Évoquer la question du viol au XVIIIe siècle, à travers une trentaine d’affaires à caractère sexuel (viols, séductions suivies de grossesses, harcèlement, sodomie), relève d’un pari osé. Pour y parvenir et se familiariser avec le déroulement des procédures criminelles, le présent ouvrage commence par redessiner les contours d’un système judiciaire complexe. Les procès étudiés croisent et interrogent ensuite des aspects plus ou moins tabous de la vie quotidienne à la fin de l’époque moderne : sexualité, violence, condition féminine, relations sociales, lien familial, règlement des conflits ou même la notion de genre. L’attention se porte enfin sur le destin des victimes et des accusés à la sortie du tribunal, entreprise jamais réalisée dans le cadre d’une recherche consacrée au viol. Le choix d’un angle monographique, qui vise un territoire allant de Sens à Auxerre, au cœur de l’actuel département de l’Yonne, contribue à une lecture moins désincarnée des affaires sexuelles à l’échelle du royaume au cours des dernières heures de l’Ancien Régime. Les sources variées a priori arides – archives criminelles et notariales anciennes, arrêts du parlement de Paris, registres paroissiaux et état civil – portent en filigrane un thème sensible qui véhicule de nombreuses idées reçues. Cette enquête, inédite et puissante, fait parler l'Histoire et dépoussière les préjugés qui pèsent sur les violences sexuelles au siècle des Lumières.

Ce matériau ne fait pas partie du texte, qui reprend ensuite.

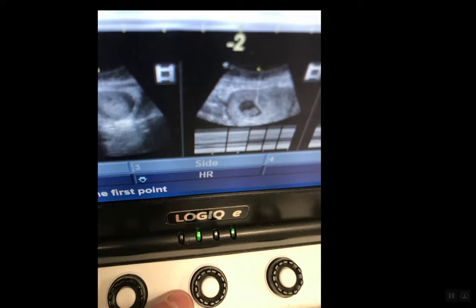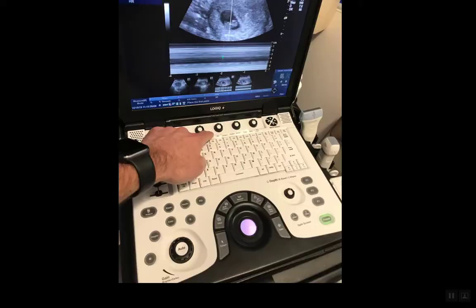To zoom up, it's the third knob in the middle of the screen, which corresponds to the heart rate button. You just press it once — you don't turn it right, you don't turn it left, you don't turn it clockwise or counterclockwise. You just press the button once.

Crimes et violences sexuels au siècle des Lumières
Nous avons tendance à imaginer la société d’avant les années 1960 comme gangrenée par la patriarcat et dans laquelle les femmes n’auraient eu ni la parole, ni le droit à la justice… Qu’en était-il alors de la fin de l’Ancien Régime ? Contrairement aux idées reçues, les crimes sexuels et en particulier le viol n’étaient pas impunis et constituaient une faute morale et sociale grave. Comment étaient-ils alors jugés ? Punis ? Que devenaient les criminels et les victimes ? Quelles étaient leur répercussion sociale ? Si les traces qui nous en restent sont principalement judiciaires, l’étude du crime sexuel nous apprend beaucoup sur la société d’Ancien Régime sur sa structure, ses mentalités et sur son quotidien. Enora Peronneau Saint-Jalmes est invitée par Mari-Gwenn Carichon.
Notre invitée: Enora Peronneau Saint-Jalmes, archiviste paléographe (prom. 2020 de l’Ecole des Chartes), est lauréate de la première édition de la bourse Victor Baubet, lancée en 2020 par l’École et les Éditions Perrin. Elle publie dans ce cadre un ouvrage intitulé Crimes sexuels et société à la fin de l’Ancien Régime, aux Éditions Perrin.